Instructions for the task: Write out the records in full and without alteration, setting aside their pictures.

Data excerpts:
——

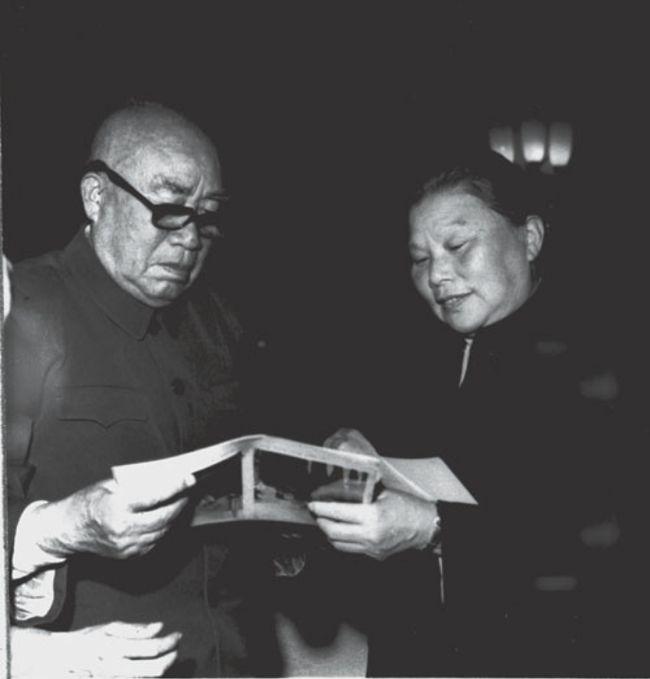 毛主席逝世揭秘：上将拿枪进入灵堂、外国政要悲伤、世界都在哀痛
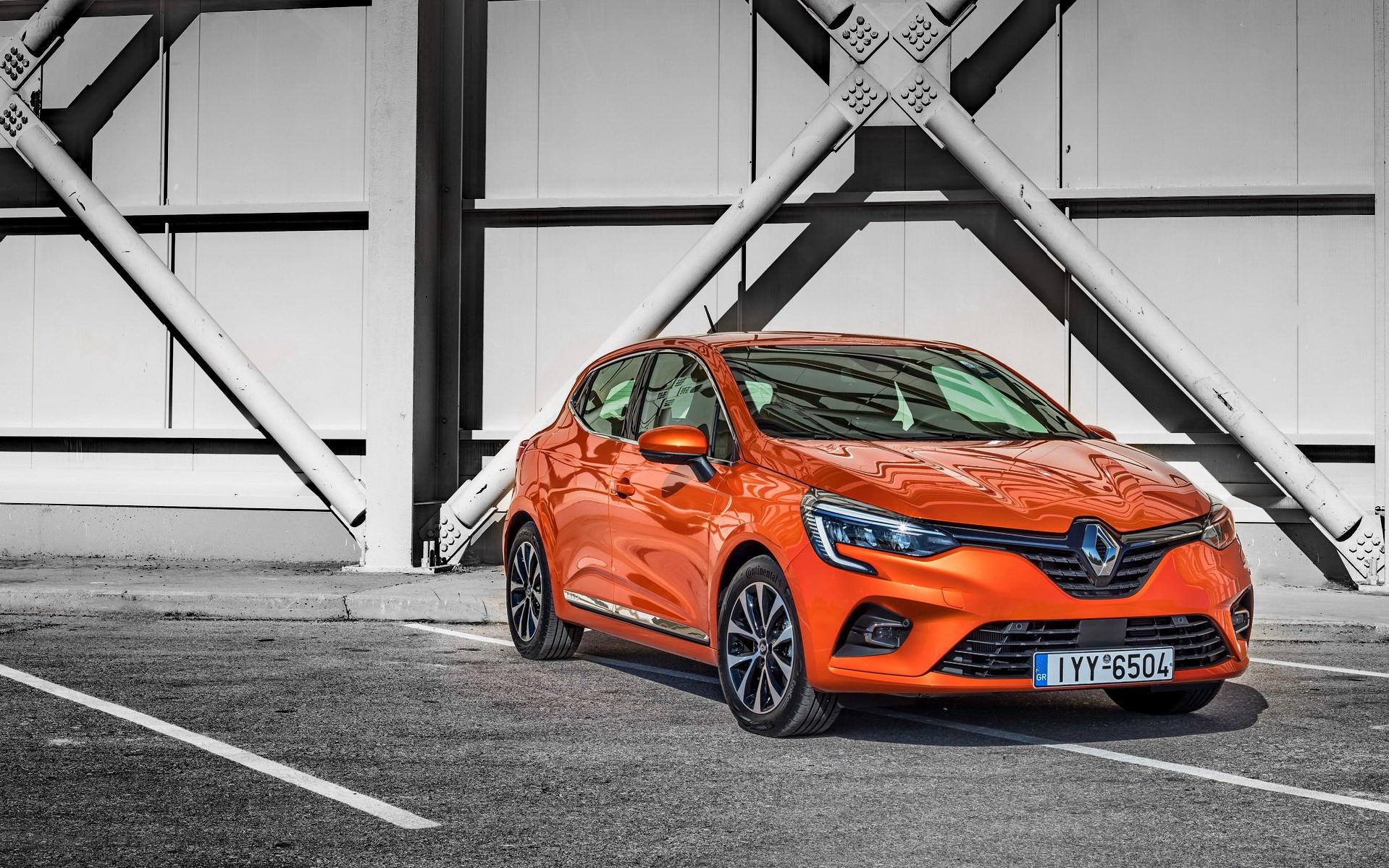 Οδηγούμε το νέο Renault Clio στην Ελλάδα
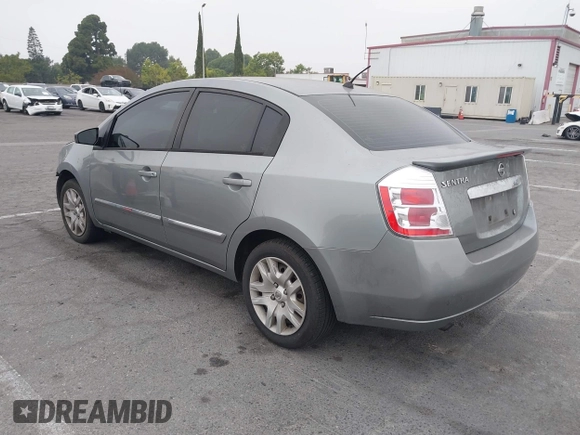 2012 Nissan Sentra SR z VIN 3N1AB6APOCL641642, wystawiony jako IAAI lot #42475409 z przebiegiem 185 419 mil mil oraz . Historia ofert i sprzedaży dostępna na DreamBid. Obrazek 3.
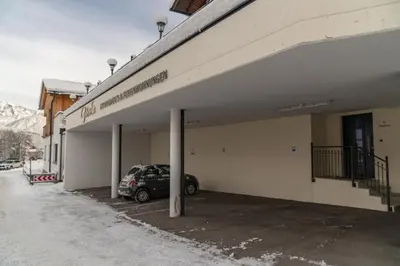 Das Gebäude in dem sich die Ferienwohnung befindet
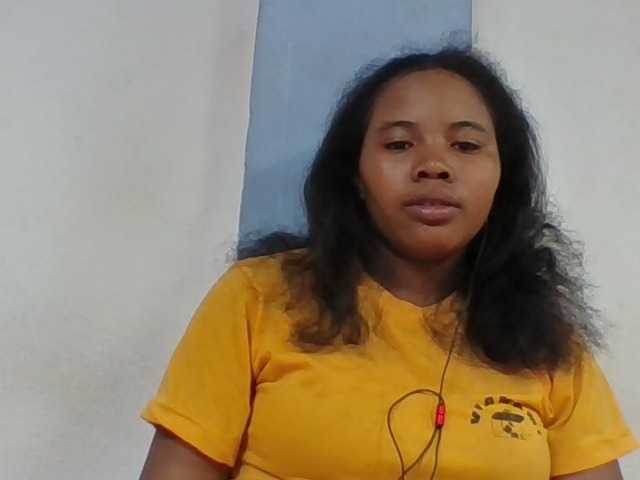 Juliah1a live cam on BongaCams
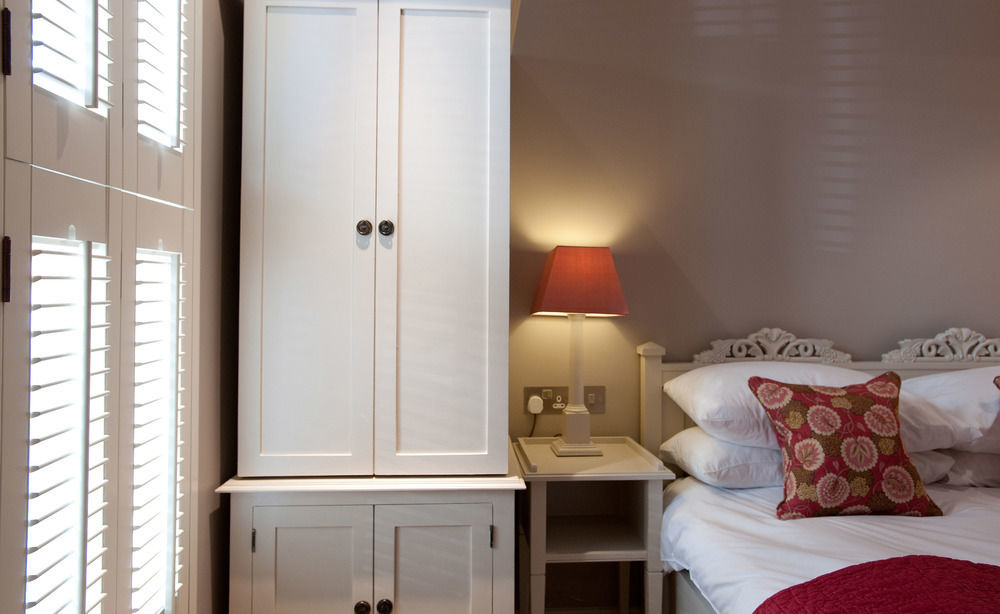 Cotswold Grange Bed & Breakfast Cheltenham Luaran gambar A bedroom at the hotel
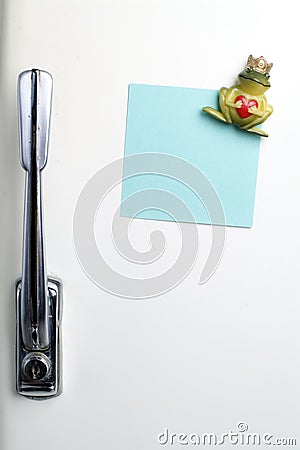 Blank note on fifties fridge-door, close-up of frog with crown h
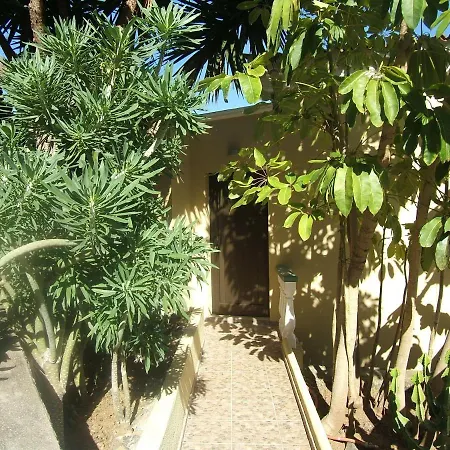 Fewo-vistamar-mit-meerblick-pool-grosser-terrasse-und-garten-grill-parkplatz-und-wlan-gratis *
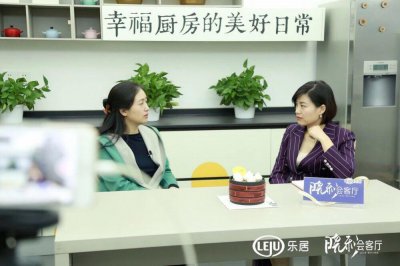 ​豆果美食朱虹个人资料（五期｜黄小厨朱虹：美食是连接人与地产最好的纽带）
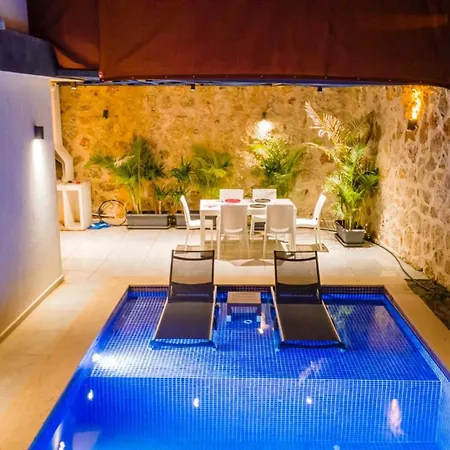 Villa Yesilkoy 2 Bedroom 6022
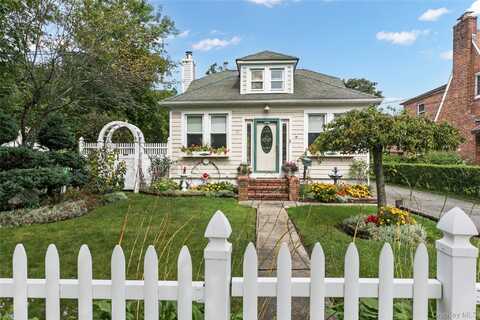 22 3rd Avenue, Central Islip, NY 11722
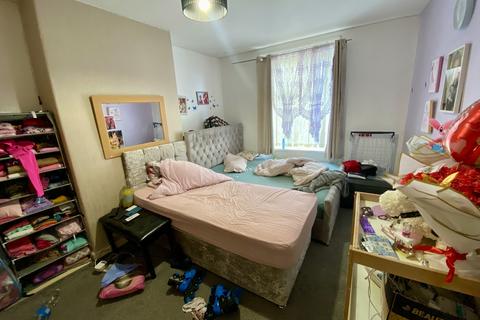 2 bedroom terraced house for sale, Boldshay Street, Bradford, BD3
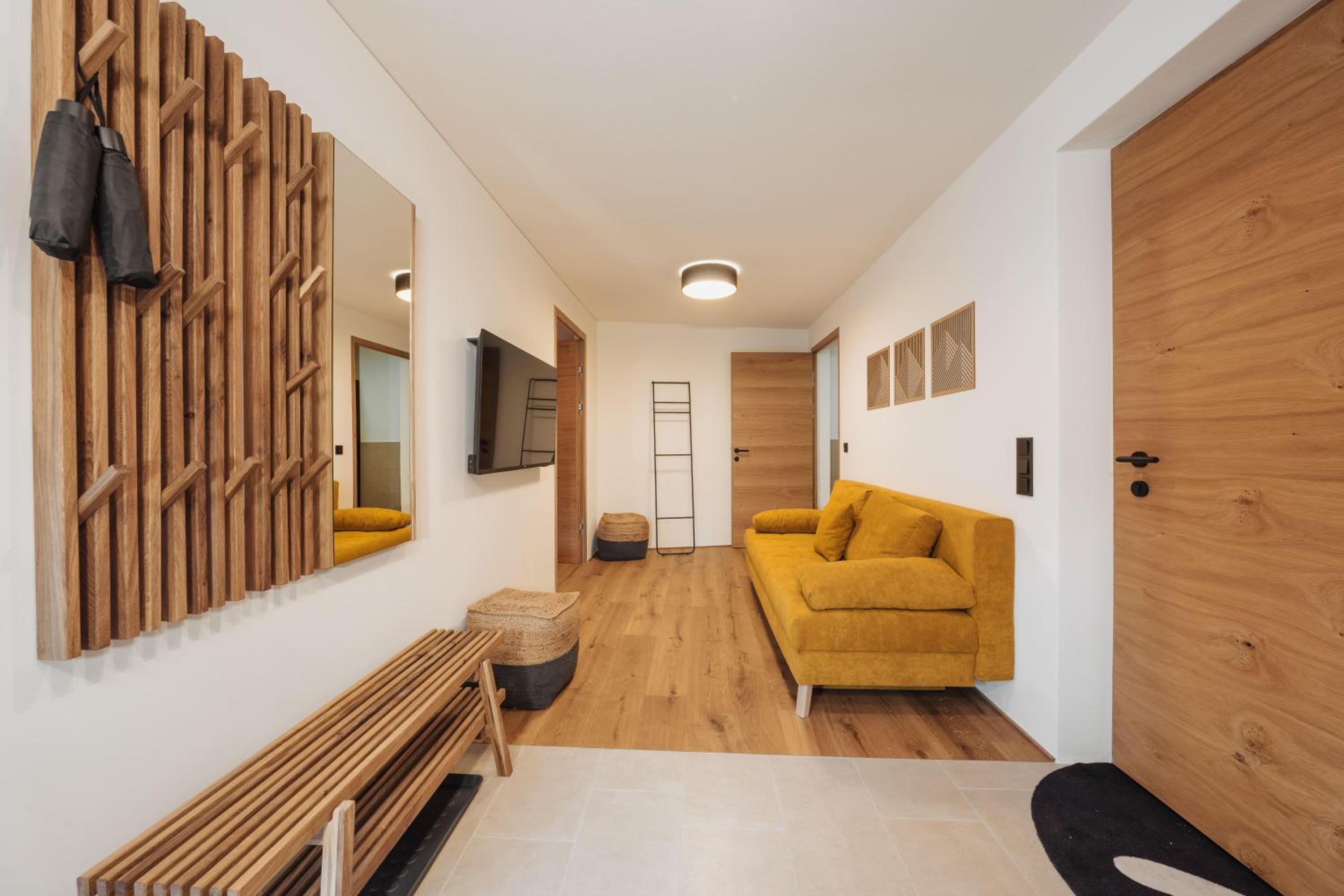 One-Bedroom Apartment with Shower photo 2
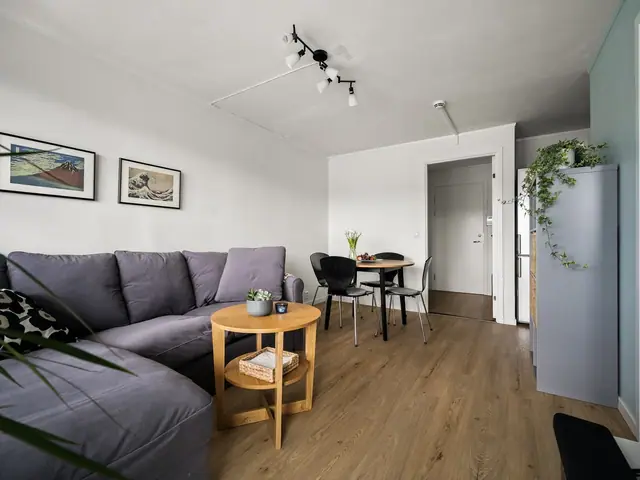 Stuen har pene overflater og god størrelse, velkommen til visning!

——

Reply to the task:
 毛主席逝世揭秘：上将拿枪进入灵堂、外国政要悲伤、世界都在哀痛
 Οδηγούμε το νέο Renault Clio στην Ελλάδα
 2012 Nissan Sentra SR z VIN 3N1AB6APOCL641642, wystawiony jako IAAI lot #42475409 z przebiegiem 185 419 mil mil oraz . Historia ofert i sprzedaży dostępna na DreamBid. Obrazek 3.
 Das Gebäude in dem sich die Ferienwohnung befindet
 Juliah1a live cam on BongaCams
 Cotswold Grange Bed & Breakfast Cheltenham Luaran gambar A bedroom at the hotel
 Blank note on fifties fridge-door, close-up of frog with crown h
 Fewo-vistamar-mit-meerblick-pool-grosser-terrasse-und-garten-grill-parkplatz-und-wlan-gratis *
 ​豆果美食朱虹个人资料（五期｜黄小厨朱虹：美食是连接人与地产最好的纽带）
 Villa Yesilkoy 2 Bedroom 6022
 22 3rd Avenue, Central Islip, NY 11722
 2 bedroom terraced house for sale, Boldshay Street, Bradford, BD3
 One-Bedroom Apartment with Shower photo 2
 Stuen har pene overflater og god størrelse, velkommen til visning!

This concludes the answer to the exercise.